The length of time that a child remains out of school could, of itself, be an alerting factor of risk of harm to the child. Accordingly if a situation is not resolved within 3 days the Education Welfare Service should be contacted, then referrals should be made to the police and LA children’s social care, as appropriate over the next two weeks.
Extended leave of absence can be authorised by the head teacher, at which point a return date is set. In these cases the time line for enquiries starts from when the child does not attend school on the expected return date, not from the day the extended leave started.
3. Notifications and Actions
If the answers to any of the points set out in the previous section indicates that there are concerns about the child’s safety then a referral should be made to the police and children’s social care on day one. The education welfare service should be informed and requested to assist in locating the child.
- Contact the local police station (24 hour response);
- Any suspicion/evidence of crime must be clearly stated;
- The circumstances and all available information regarding the child and family will be required.
- The missing person report will be risk assessed and the local police response team will carry out immediate actions;
- The investigation will be progressed by the police response team, in conjunction with either the local Missing Persons Unit and/or the CID.

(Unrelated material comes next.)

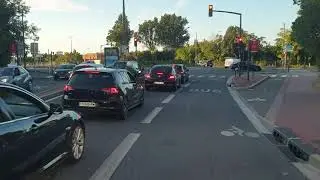 un beau couché de soleil sur une évacuation samu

- The missing person report will generate a notification to the police;
- The police will work with, and refer information to, LA children’s social care;
- LA children’s social care, who must be contacted as soon as possible in these circumstances, will also liaise with the Child Abuse Investigation Team (CAIT) in order to identify, and act upon, any suspicion of child abuse or child related crime.
The school / educational establishment / college should work in collaboration with Children’s social care and the police and a safeguarding education representative should participate in any strategy discussions, s47 enquiries and Child Protection Conferences which may arise.

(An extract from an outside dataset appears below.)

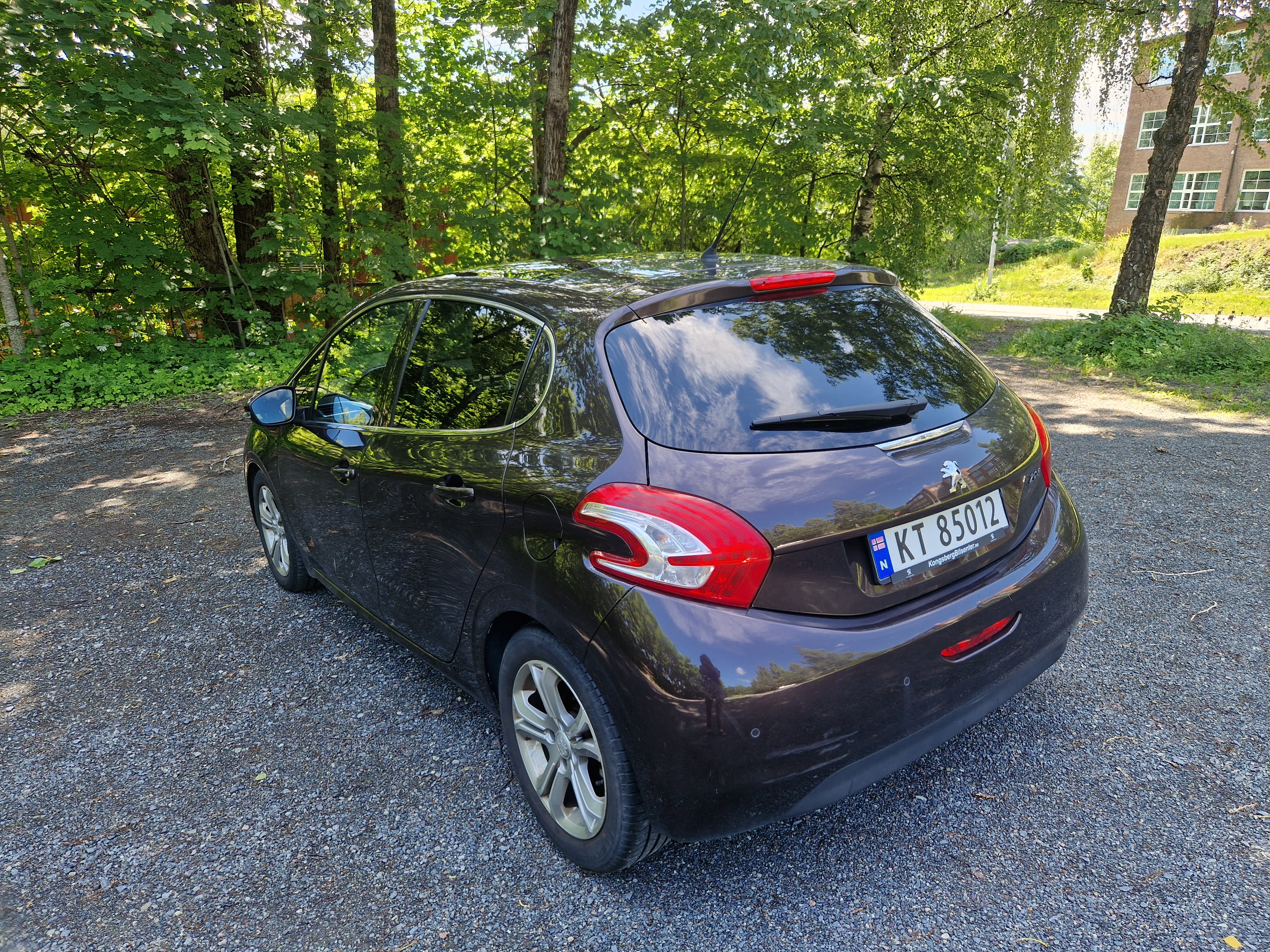 Peugeot 208 med Babysete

If the judgement reached on day one is that there is no reason to believe that the child is suffering, or likely to suffer, significant harm, then the school may delay making a referral. The process of ‘reasonable enquiry’ has not been identified in regulations, however this includes school staff checking with all members of staff whom the child may have had contact with, and with the pupil’s friends and their parents, siblings and known relatives at this school and others.
School staff should also make telephone calls to any numbers held on record or identified, sending a letter to the last known address, home visits by some school based staff and consultation with local authority staff.
Days two to twenty-eight
If the above response was unsuccessful, the school should contact their local authority CME Officer. The local authority should make enquiries by visiting the child’s home and asking for information from the family’s neighbours and their local community – as appropriate.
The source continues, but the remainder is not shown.